The answer is the exact text of every line from the one that contains "Pokój bonsai - Portulakaria Afra - Tlustice" to the final line of the entries below, with pictures left out.

● Data in this exercise:
·····

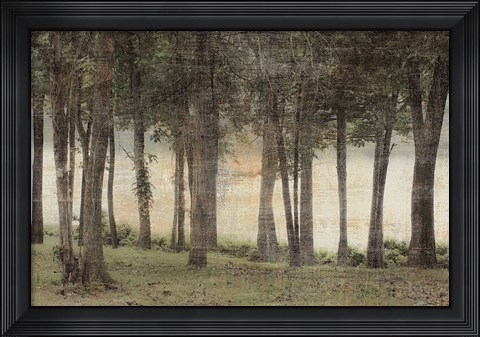 Framed Forest Print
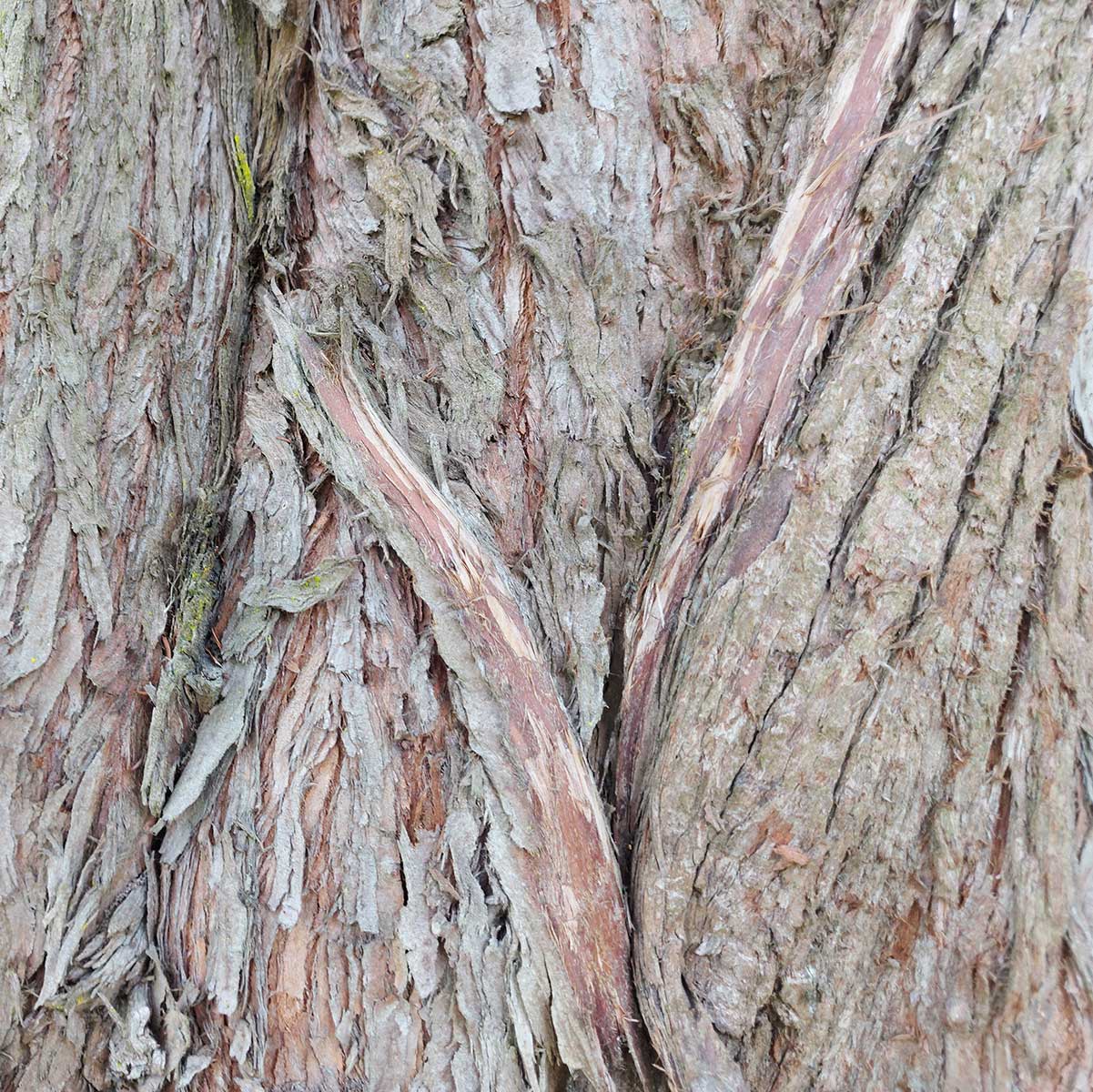 WuHooTimaru Metasequoia Dawn Redwood 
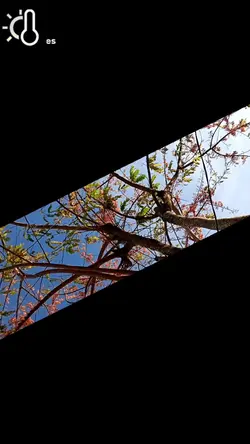 Cherry Blossom 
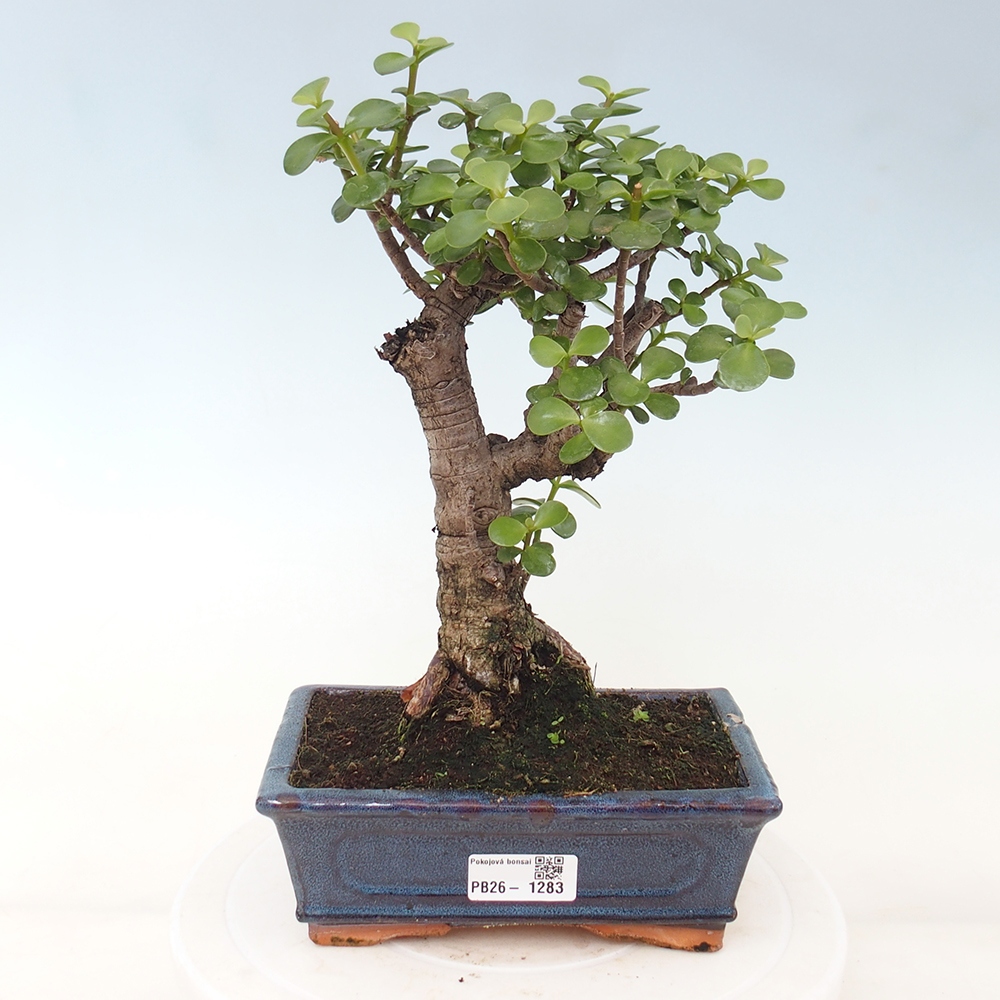 Pokój bonsai - Portulakaria Afra - Tlustice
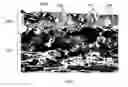 Fig. 08 - Print-on pastes for modifying material properties of metal particle layers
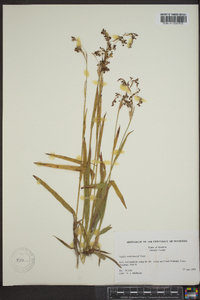 Luzula spicata image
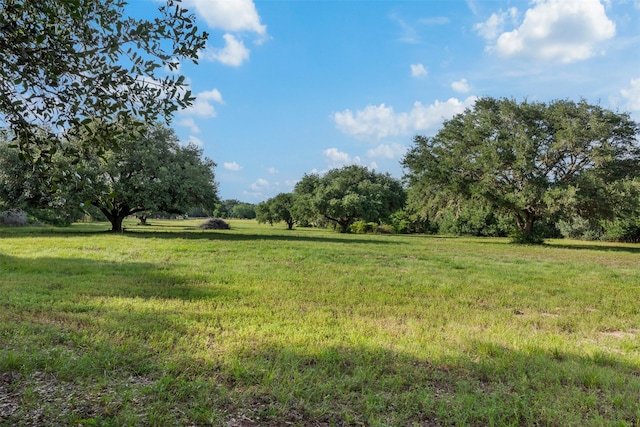 1027 Old New Ulm Rd, New Ulm, TX 78950 - photo 5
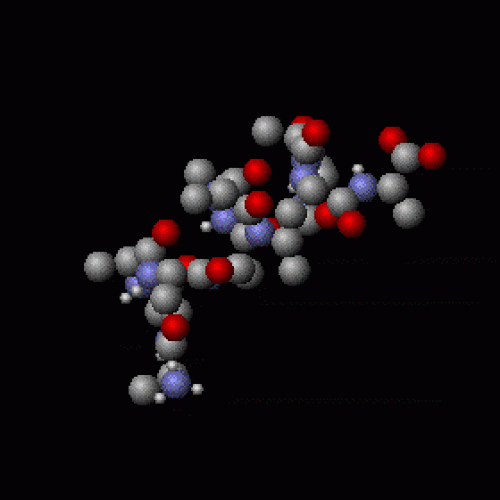 Molekülphysik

·····

● Output of the task:
 Pokój bonsai - Portulakaria Afra - Tlustice
 Fig. 08 - Print-on pastes for modifying material properties of metal particle layers
 Luzula spicata image
 1027 Old New Ulm Rd, New Ulm, TX 78950 - photo 5
 Molekülphysik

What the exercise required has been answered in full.